Physical Demand Increases for Gold & Silver:
Higher Gold & Silver Prices will require broader participation by the world’s two biggest Gold buyers -China and India. New demand drivers that are likely to develop in the period ahead include renewed jewelry and investment demand in both China and India along with what, in my view, could be the biggest price driver of all: a tumbling US dollar should the U.S. “fiscal cliff” fail to be resolved in a way that bolsters confidence in the currency as detailed here back in July. Last week, the International Monetary Fund reported that Turkey added 45 tonnes to its reserves in July, Russia added almost 19 tonnes, South Korea increased its tiny gold reserves by almost one-third with an addition of 16 tonnes, and Paraguay went from, basically, zero to over 8 tonnes. Emerging market central banks have added more than 250 tonnes to their gold reserves in 2012, and expectations are that last year’s multi-decade high of almost 450 tonnes will be exceeded.
Gold Price Rise in India remains Limited:
Comex Gold Futures for December delivery shot up to $1794.4 yesterday but MCX Gold December Futures saw sharp falls to Rs. 31,331 on the back of a sharply rising INR – Indian Rupee, as repeatedly alerted several times earlier. MCX Gold December Futures have dipped from a high of Rs. 32,783 in September to Rs. 31,331 yesterday, a fall of Rs. 1,452 or equivalent to a fall of around $140. Comex Gold Futures will continue rising on the back of a weakening US Dollar but at the same time in India, MCX Gold will remain weak on the back of a rising INR against the falling US Dollar. Physical Gold demand in India is expected to rise on the combination of falling Gold Prices in India & the incoming festive months where buying & gifting Gold Bullion or jewelry is considered auspicious.
Highest Rise in Gold ETF Holdings:
Investments in commodity markets saw a total net inflow of $5.3 billion across all sectors in August, with more than 80% of that money going into Gold ETF holdings. Energy saw $600 million in inflows, agricultural saw $300 million and base metals received $200 million. Assets under management rose by almost $7 billion and are at $143 billion, the highest since February. Worldwide Gold-backed ETF holdings rose to a record 2,500+ tonnes, most of this owned by the popular SPDR Gold Shares ETF (GLD) that is now worth an astonishing $75+ billion. Though there were outflows of 120 tonnes on Friday, late-summer additions of more than 350 tonnes to the iShares Silver Trust (SLV) and a rising silver price combined to push this ETF’s holdings to over $11 billion.
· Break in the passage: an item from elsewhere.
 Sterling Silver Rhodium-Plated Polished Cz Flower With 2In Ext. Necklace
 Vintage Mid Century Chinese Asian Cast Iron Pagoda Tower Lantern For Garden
Investment banks have become more bullish on gold and silver in recent weeks, with Barclays Capital raising its fourth quarter gold forecast to $1,810 an ounce, Deutsche Bank putting the price at $2,200 next year, Citibank saying it could go as high as $2,500 in six months, Bank of America laying out its case for a $3,000 gold price just last week, and Sharps Pixley Chief Ross Norman saying the price could go as high as $4,000 based on an expanding Fed balance sheet.